Though decentralized protocols are still evolving, Bluesky has already surpassed 40 million users and continues to grow. However, some metrics are fluctuating—for example, the number of likes has decreased compared to last year.

Organic growth takes time, and likes are not the best metric for measuring the success of a social media platform. Decentralized platforms shouldn’t resort to enshittification like big tech just to attract users.

Rethinking Social Media Metrics: Beyond Likes and Growth

Decentralized platforms are not ad platforms; they are open-source, ad-free, and focused on quality over vanity metrics—which big tech platforms often ignore.
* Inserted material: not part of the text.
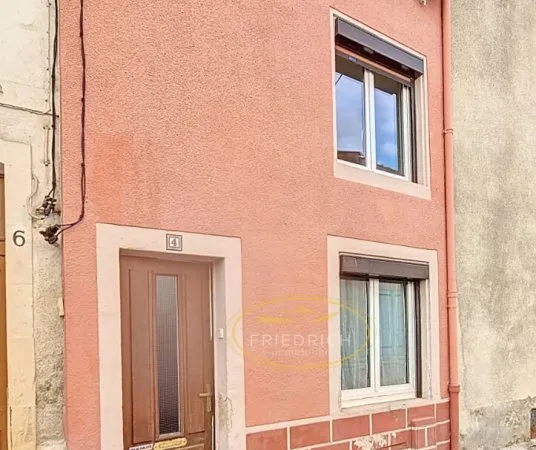 MAISON DE VILLAGE - ACTUELLEMENT LOUÉE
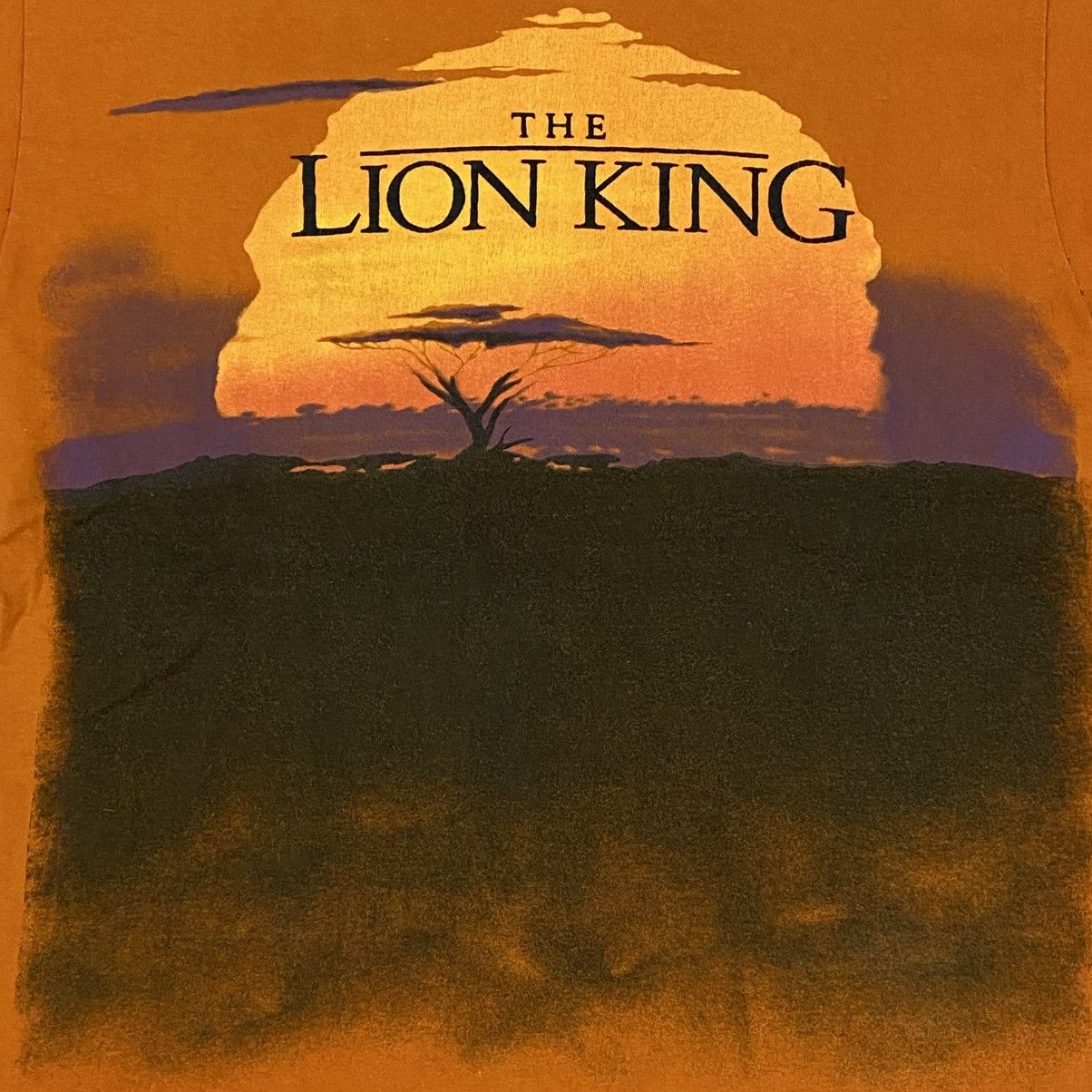 Disney × Vintage Vintage movie the lion king fullprint film scenery Size US S / EU 44-46 / 1 - 2 Thumbnail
If platforms start indulging in vanity metrics, they will fail to retain users who came looking for an alternative.

Better metrics should be:

  1. Meaningful time spent How much time users meaningfully spend on the platform

  2. Content quality Whether users discover meaningful content—or just AI-generated slop or disinformation

  3. Emotional impact Whether the platform leaves users with hope, or reinforces outrage and learned helplessness

  4. Mental health impact The long-term effect of the platform on users’ mental well-being

  5. Authenticity of users Whether it attracts real users—or is dominated by bots

  6. Fair distribution of attention Whether users get fair visibility and traffic to their external websites, blogs, and content—or if it’s suppressed by algorithms

  7. User retention over acquisition How well the platform retains existing users who come looking for an alternative—not just how many new users it acquires

  8. Creator sustainability Whether creators can grow and sustain themselves without resorting to clickbait or algorithm-chasing

  9. Algorithm transparency and control Whether users understand and can control what they see in their feed

  10. Diversity of viewpoints Whether the platform enables genuine diverse perspectives without amplifying polarization

  11. Signal-to-noise ratio The balance between high-quality content and spam, reposts, or low-effort content

  12. Resistance to manipulation How well the platform prevents bots, coordinated campaigns, and engagement farming

  13. Depth of community Whether meaningful communities and conversations are forming—not just passive scrolling

  14. Exit freedom (portability) Whether users can move their identity, followers, and content if the platform declines


Core idea: A good social platform doesn’t just capture attention—it preserves human agency.